A reportagem de Patrícia Campos Melo na Folha de hoje traz revelações importantes para compreender a campanha eleitoral deste ano. De acordo com a investigação, a inundação de fake news transmitida pelo Whatsapp – aplicativo utilizado por 44% dos brasileiros para acessar notícias e informações políticas, conforme o Datafolha – teve patrocínio graúdo. Foram empresários pró-Bolsonaro que pagaram os disparos em massa contra o PT, através de contratos de 12 milhões de reais celebrados com os que burlam a lei.

A prática é ilegal, pois se trata de doação de campanha por empresas vedada pela legislação eleitoral, e não declarada”, destaca a reportagem (veja o link nas recomendações abaixo). Pode ser mais do que isso: de acordo com o Valor Econômico, o PT estuda medidas judiciais para apurar crimes de organização criminosa, caixa 2, calúnia e difamação.

Para a democracia o prejuízo é maior. Todos nós assistimos estarrecidos a onda de mentiras que arrasa qualquer possibilidade de debate, pilar da democracia, nessa campanha. Não existem argumentos contra armas emocionais como o kit gay – falsidade compartilhada por milhares de pessoas como mostrou a reportagem da Pública dessa semana – ou a lamentável mamadeira erótica.

O dano da desinformação ao debate eleitoral provocou outro fato relevante nessa semana. Os professores Pablo Ortellado, da USP, Fabrício Benevenuto, da UFMG, e a jornalista Cristina Tardáguila, da agência de checagem Lupa, escreveram um artigo no New York Times pedindo ao Whatsapp “medidas capazes de reduzir a intoxicação da vida política brasileira”. Basicamente, a restrição de encaminhamentos, de transmissões e de número de usuários em grupos do aplicativo. Essas medidas dificultariam a estratégia das empresas que fazem os disparos em massa, mais voltados para difamar os opositores do que para fazer propaganda propriamente dita.

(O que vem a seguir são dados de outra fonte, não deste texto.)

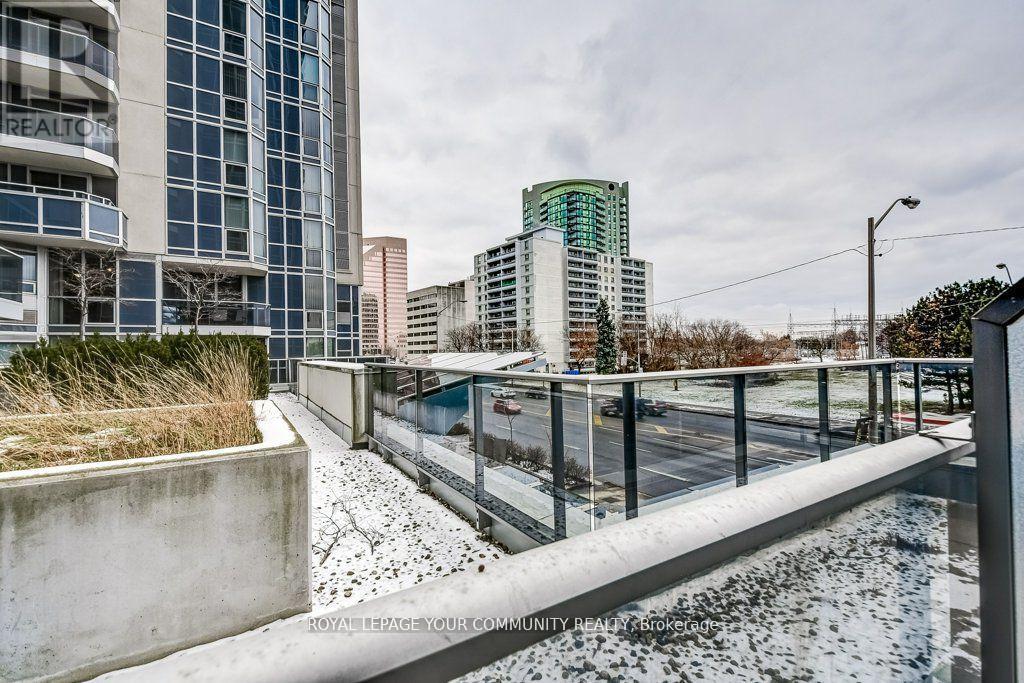 211 - 5793 Yonge Street, Toronto, Ontario  M2M 0A9 - Photo 29 - C12159451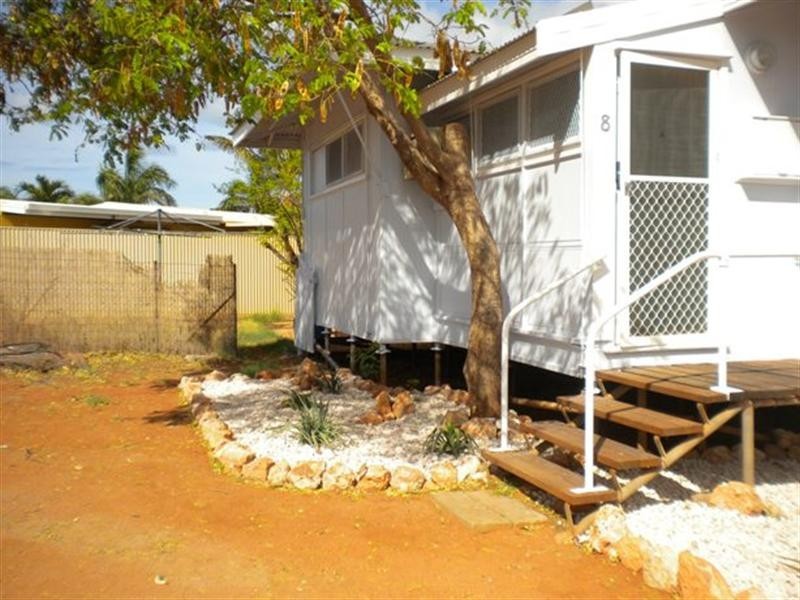 8 Bennett Street, Exmouth WA 6707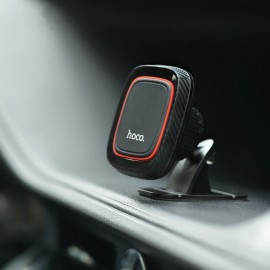 HOCO “CA24 Lotto” Car Phone Holder Magnetic Dashboard HOCO “CA24 Lotto” Car Phone Holder Magnetic Dashboard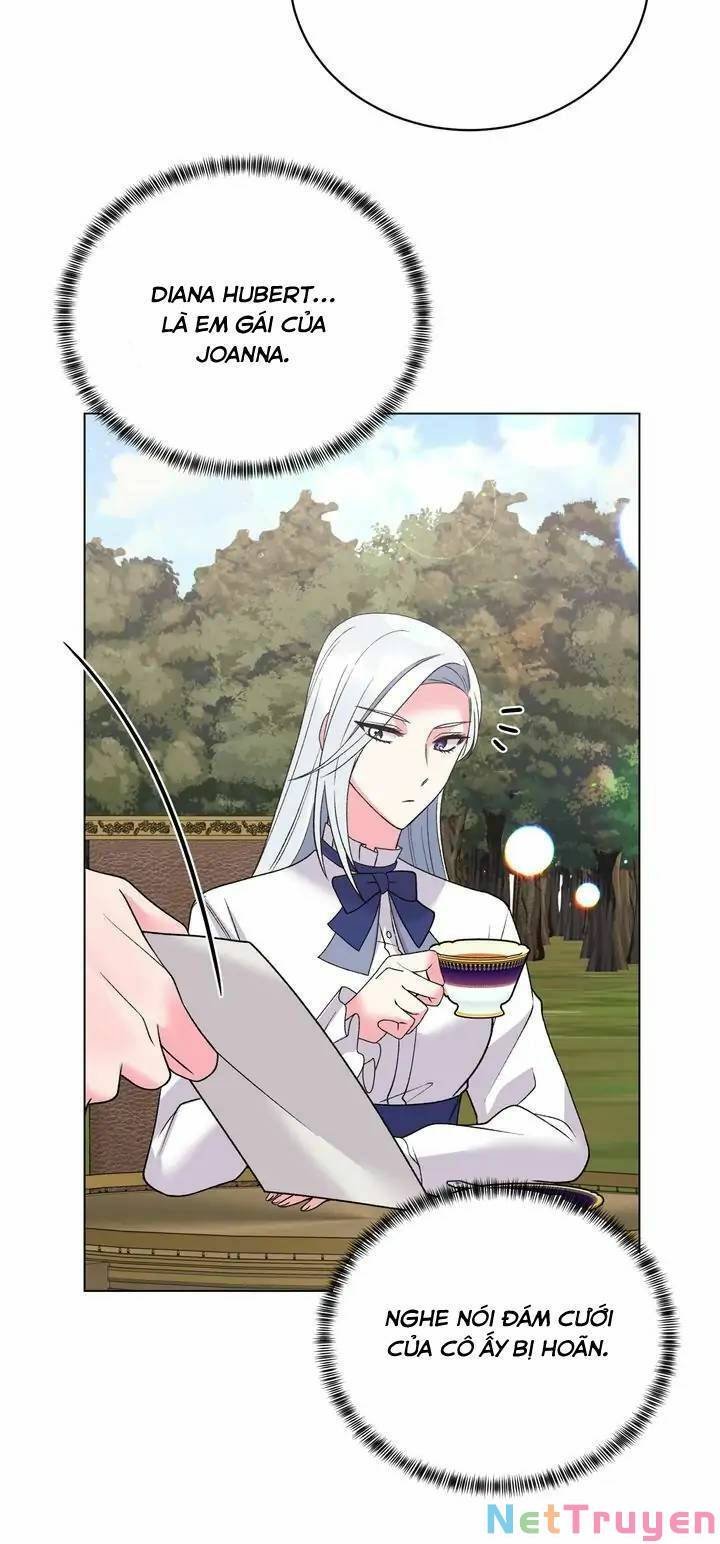là nhân vật phản diện nhưng tôi sẽ trở thành nữ chính chapter 57 43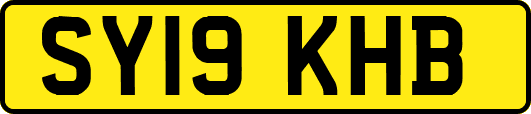 SY19KHB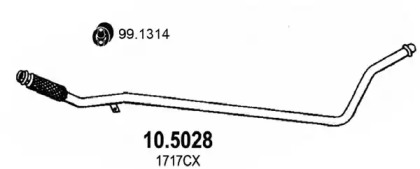 ASSO 10.5028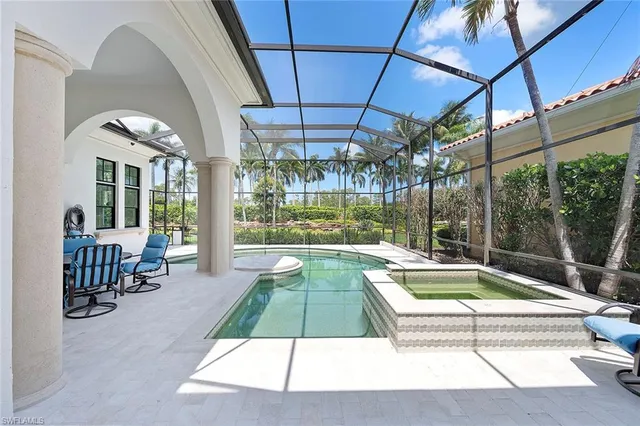 $19,750 | 2749 Medallist Lane, Naples, FL 34109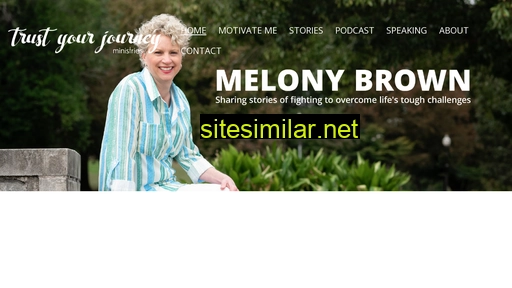 melonybrown.com alternative sites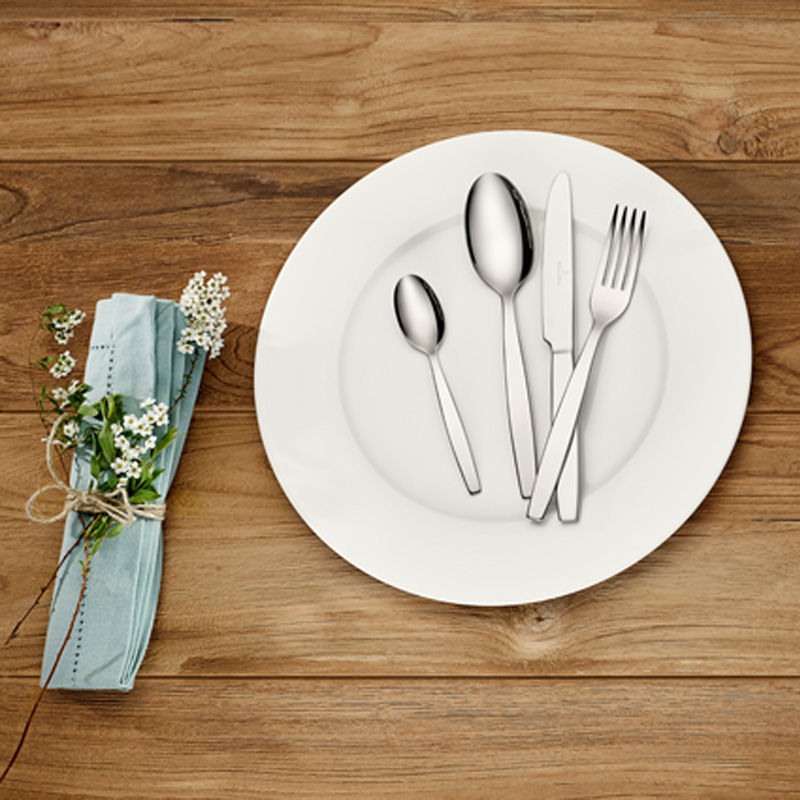 Villeroy & Boch Charles Bestekcassette 24-Delig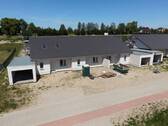 Hausansicht - 5 Zimmer Reihenmittelhaus zum Kaufen in Loitz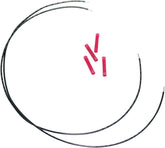 Namz Wire Ext Heat Grip 96 07 WIRING GROUP Namz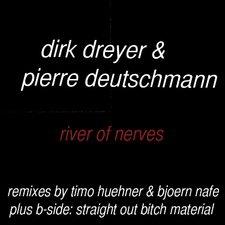 River of Nerves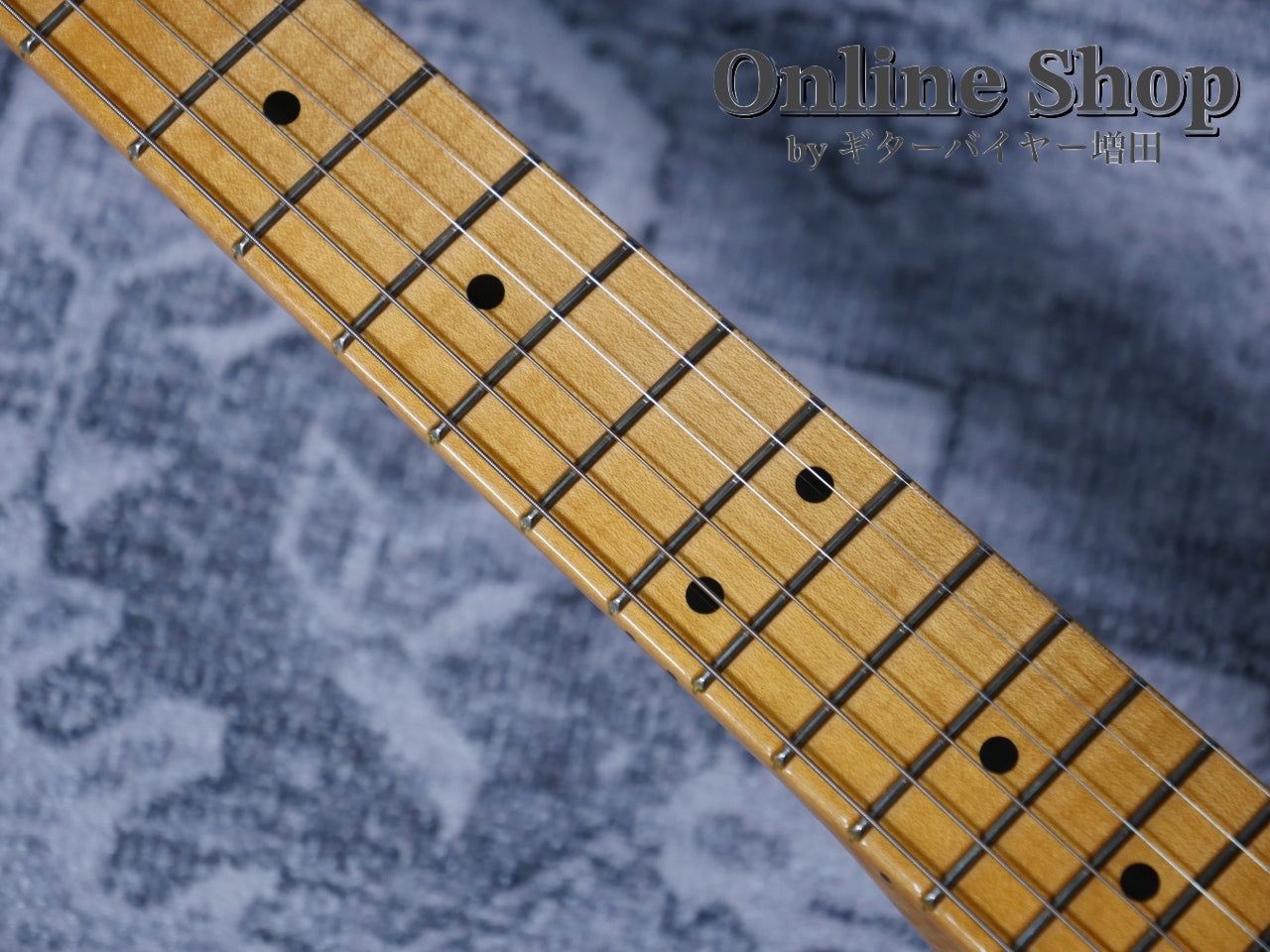 USED 2022 Fender Custom Shop Limited Edition 1957 Stratocaster 2-Color Sunburst NOS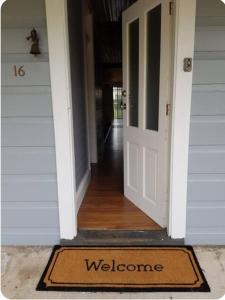 4 Bedroom Federation Cottage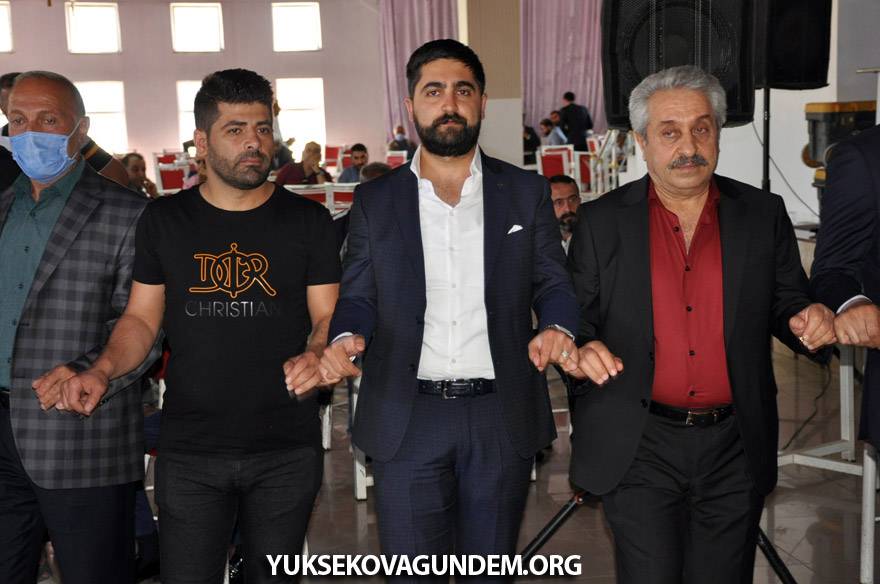Yüksekova Düğünleri (03 - 04 Temmuz 2021) 45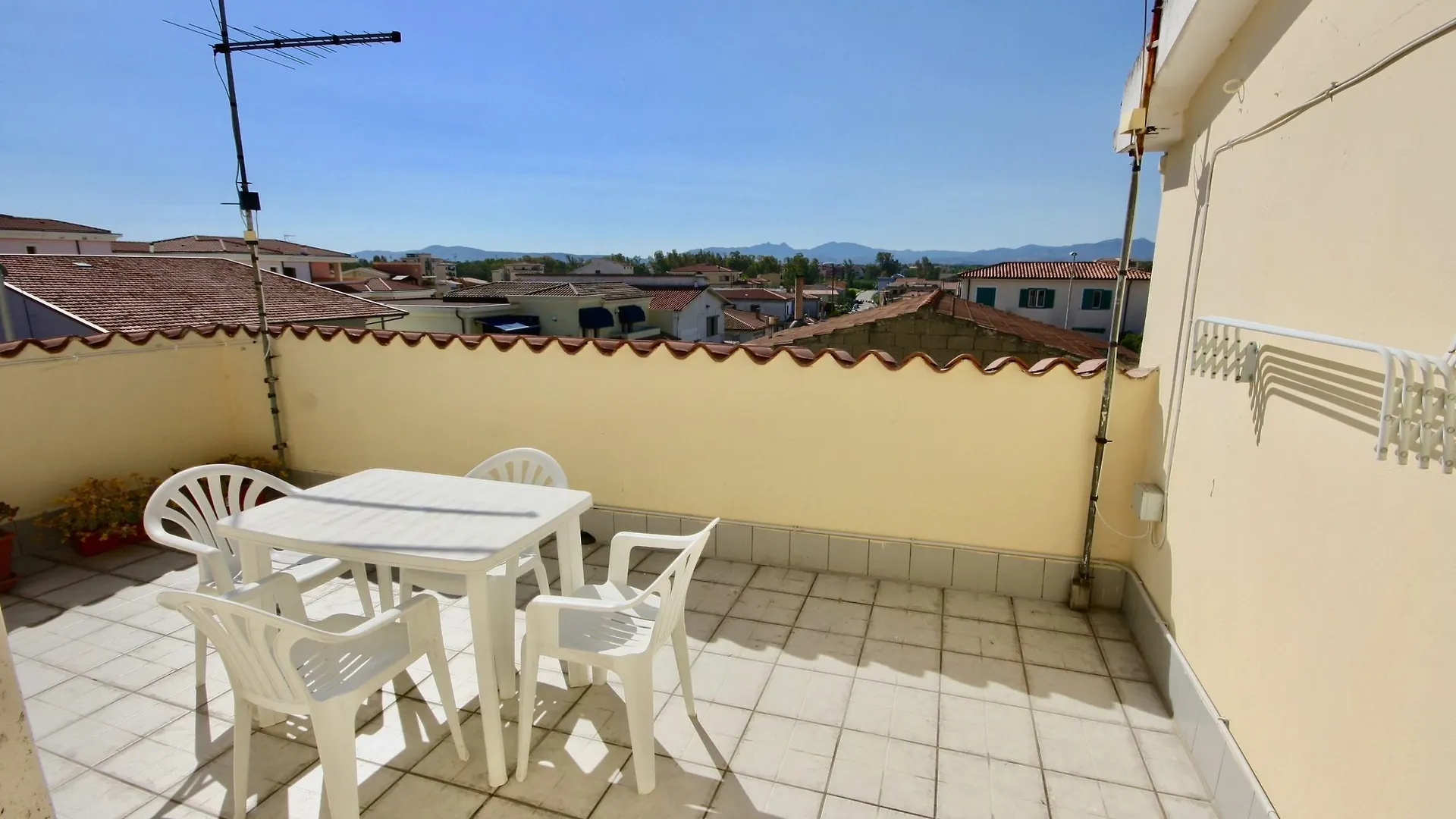 *** Gasthof Hotel Casa Lucia Olbia Italien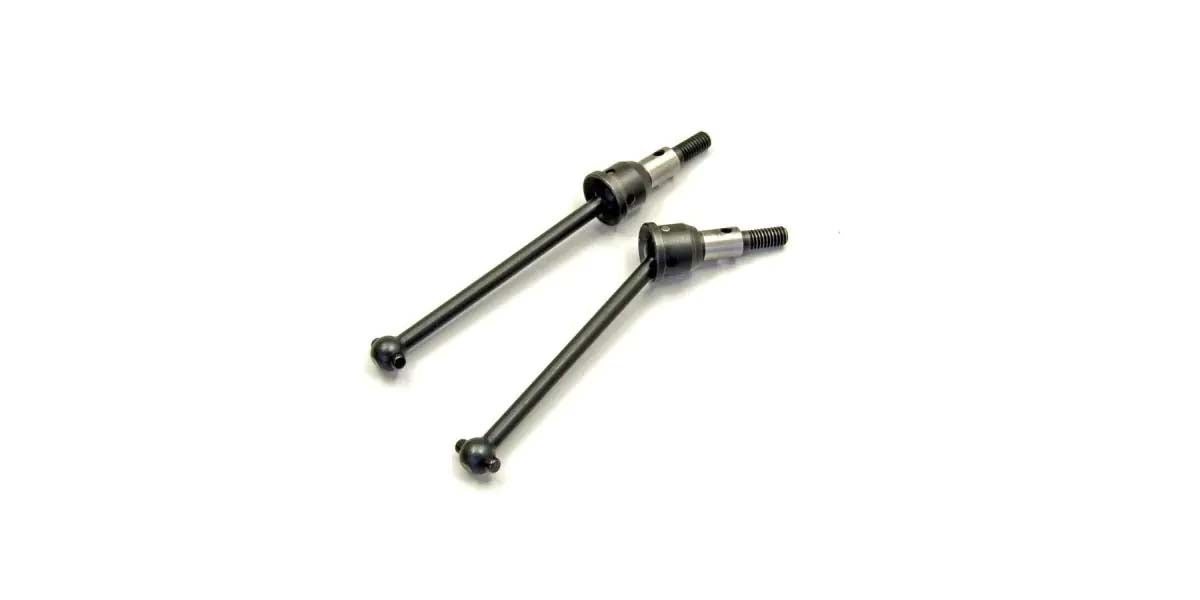 Kyosho - Rear Universal Drive Shaft 56mm V-One R4 (2) - K.VZW401B 1:10 Parts Competition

Provavelmente os efeitos dessas revelações, medidas e ações judiciais não conseguirão desfazer o estrago já realizado. Mas podem ser suficientes para que as instituições – incluindo a imprensa – acordem a tempo de salvar a democracia, denunciando e criminalizando os responsáveis por minar a cidadania, a informação e os direitos constitucionais.

Normalizar a mentira, o discurso pró-tortura, a ditadura, a homofobia, o racismo, e o machismo é mais grave – e duradouro – do que qualquer resultado eleitoral.